Monday, May 21, 2012
Boot camp summer
Well as I said the count down has begun! Friday is our first day of summer! Actually I am one of those crazy moms who love the summer. Not only do I enjoy the warm weather and swimming, I like having everyone home. I also enjoy all the free time, no HW and not having to run the kids back and forth to school.
I read an article the other day about not letting technology take over family life. It really hit me because I am not very social. It took me awhile to get a smart phone and iPad, but once I did I understood what all the fuss was about. I LOVE it. I'm as addicted as a teenager! My virtual life is amazing and satisfying. I'm not the type of person that needs to be around people. Maybe it's because I am never alone since I have a large family, or it's just in my nature from growing up as an only child. I love to be alone.
Ok, back to the article. It was saying how all this technology might be hampering our ability to empathize, that kids are having a hard time reading body language, resolving conflicts or feeling compassion for their real life friends. That we need to help our children maintain a balance between actual friends and online friends.
I realized that I'm an adult. I have the freedom to choose who to spend time with, when and how often. I know what I need and how to act in social situations. But my kids do not. They have to deal with kids alll day, every day. A huge part of parenting for me is teaching them coping skills. Well this now is equally important. I will sacrifice some screen time, to show my kids about balance, and spending time together. Another good tip is to have your children look at you when you are talking. Im actually guilty of checking my phone in front of someone. How rude! It could definitely wait a couple of minutes until the person is done talking.
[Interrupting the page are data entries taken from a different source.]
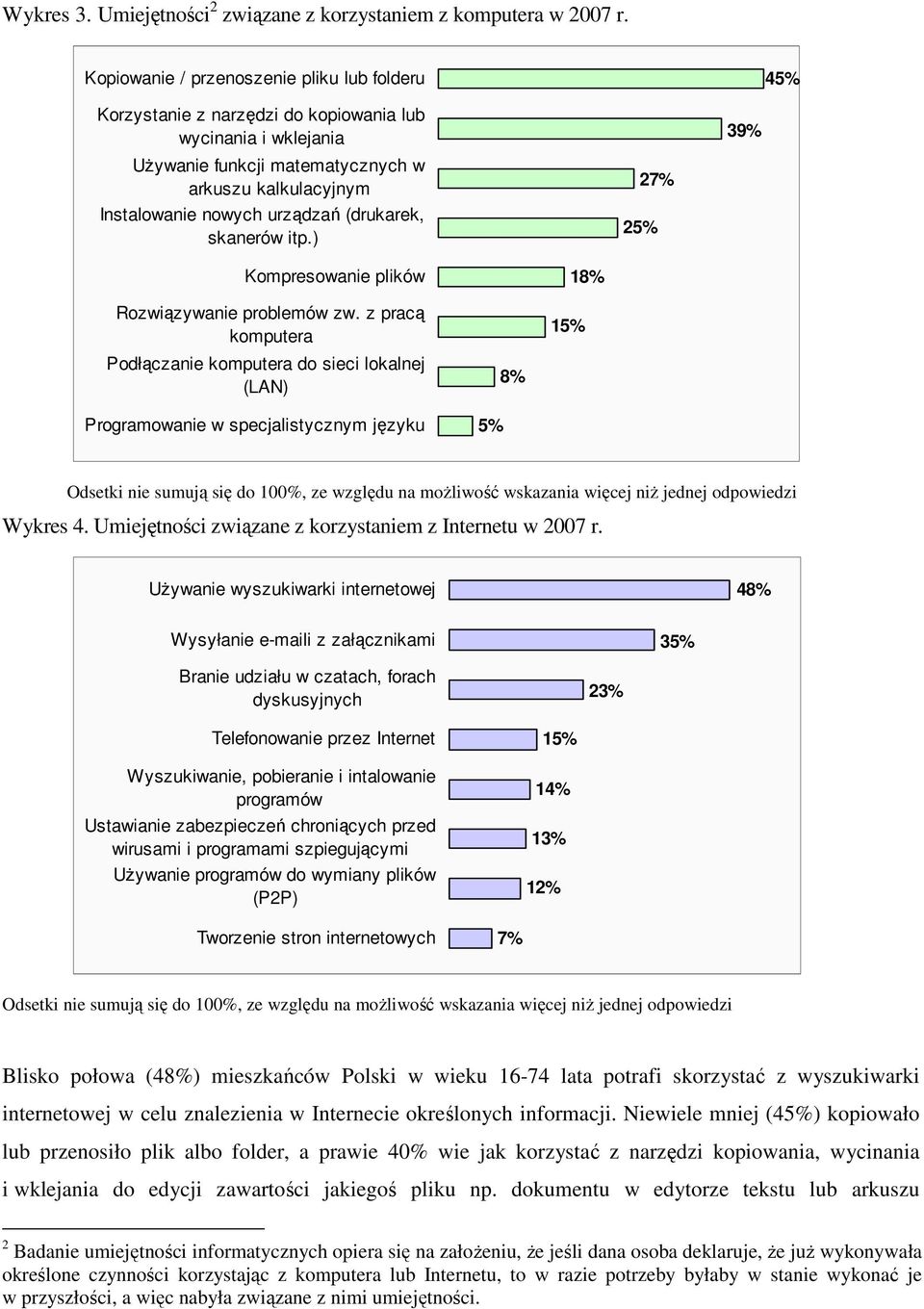 (drukarek, skanerów itp.) 27% 25% 39% Kompresowanie plików Rozwiązywanie problemów zw.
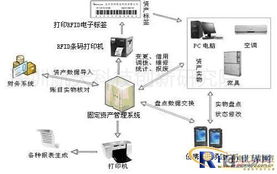 rfid固定資產管理系統方案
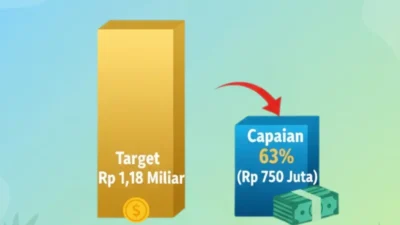 Target Rp 1,18 Miliar Terancam, PAD Wisata Sumenep Baru 63 Persen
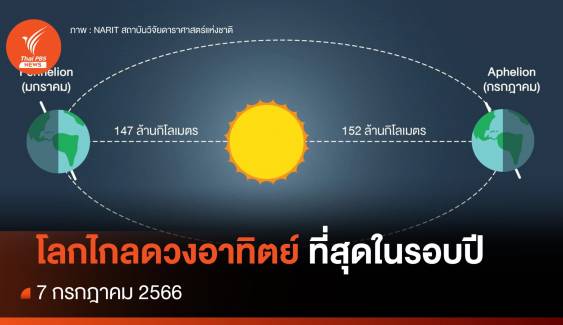 วันนี้! โลกโคจรอยู่ห่างดวงอาทิตย์ที่สุดในรอบปี 152 ล้านกิโลเมตร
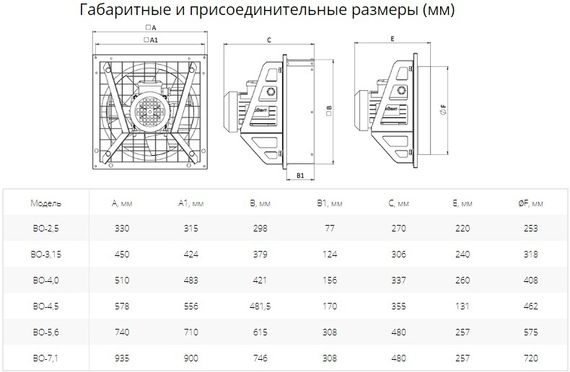 Вентилятор осевой Ровен ВО-5.6 (3ф/380/370Вт/1000 об/мин)
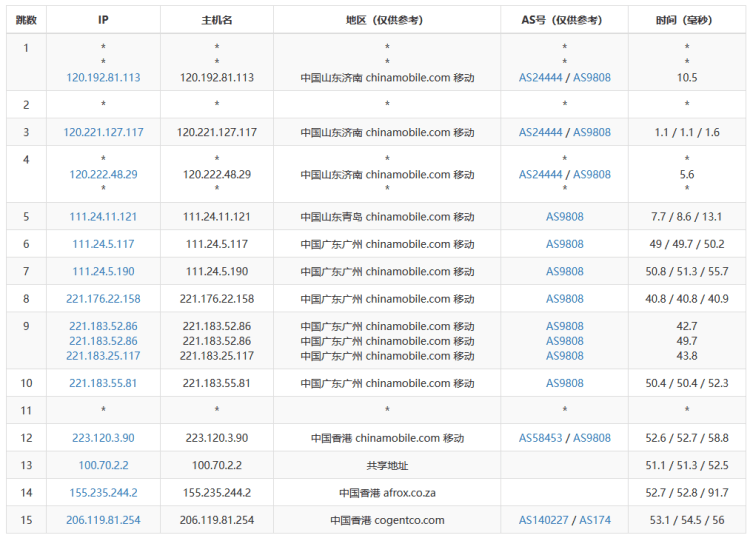 华纳云香港CN2服务器租用套餐介绍及性能简单测评插图4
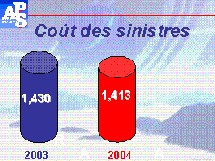 Agences de voyage : 53 faillites au 1er semestre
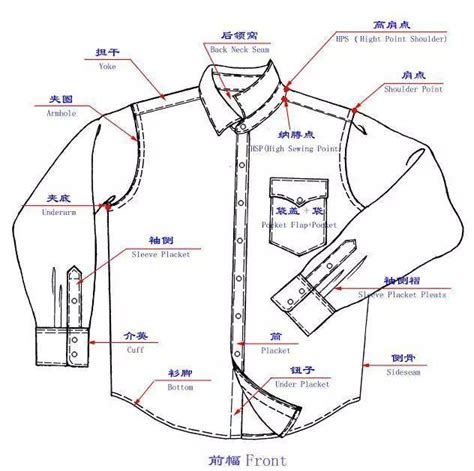 服装专用术语、符号综合整理-服装设计-CFW服装设计网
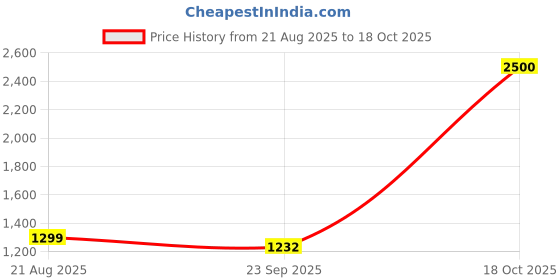 myntra.com apka mart Wooden Wall Hanging Mask Show Piece apka mart Price History Graph from 21 Aug 2025 to 18 Oct 2025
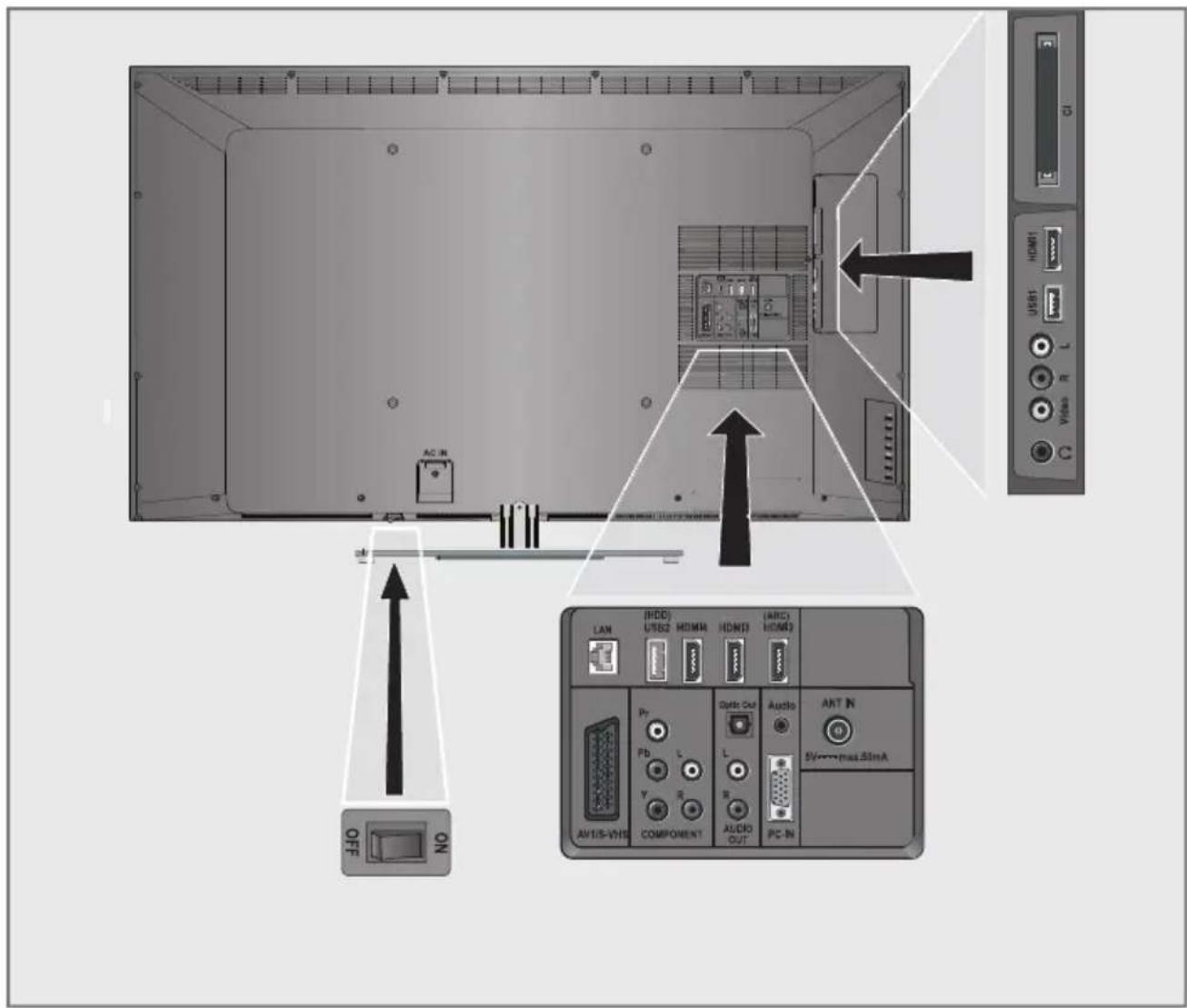 GRUNDIG 55 VLE 9481 SR - Umwelthinweis: - 2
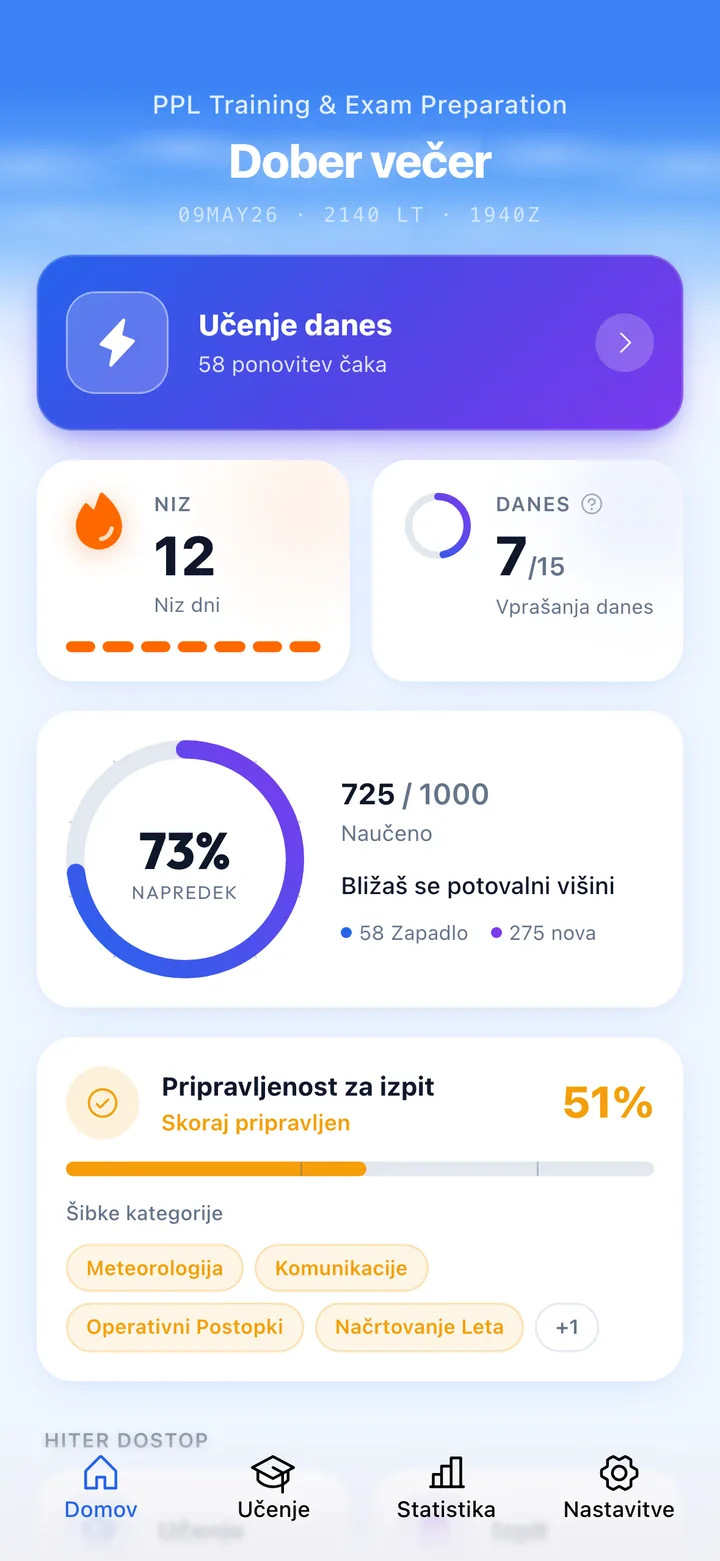 Your daily dashboard
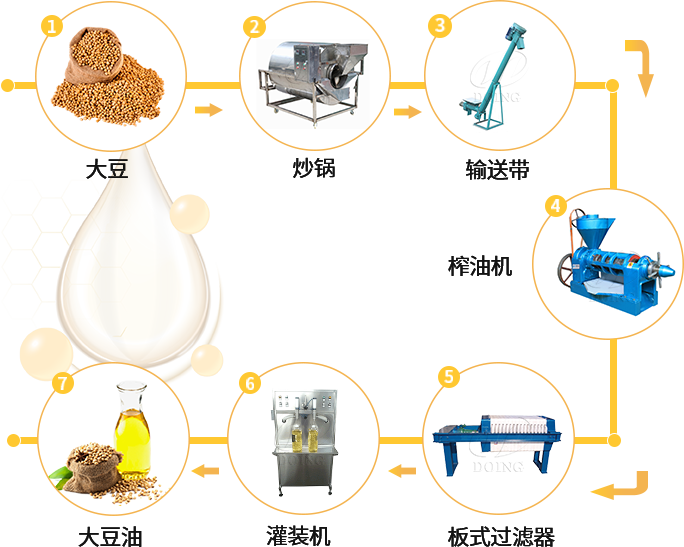 中小型大豆油生产设备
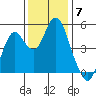 Crockett tide chart for Sunday, December 7, 2025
This is what I've come up with. We will eat breakfast, lunch, and dinner together screen free. We will swim together, and play something together everyday. I will let them have friends over. We will talk more about feelings. I will be empathetic with them so they will see what it is! When the older ones are out, a text won't be enough. They need to call me so I can hear their voice. (not to mention the background noise) I also think its important to use real words. Again, I am guilty of this as well, but I realize now how uneducated this generation is sounding. If something bad or sad happens, I don't think a frown face is enough. Use words, kind encouraging ones. It's amazing how easy it is to be so LAZY! You know what else this mama is bringing back? Complete sentences, and please and thank you. Why is it I have toddlers who know how to ask for something, yet my older children get away with barely asking?
So my kids are going to have what I like to call boot camp summer. How I fell into such a pattern of lazy parenting, I'm not sure. But I can tell you this mama is so TIRED of it!! Of course now that I said all this, hell will break loose, and I will be tested to the max!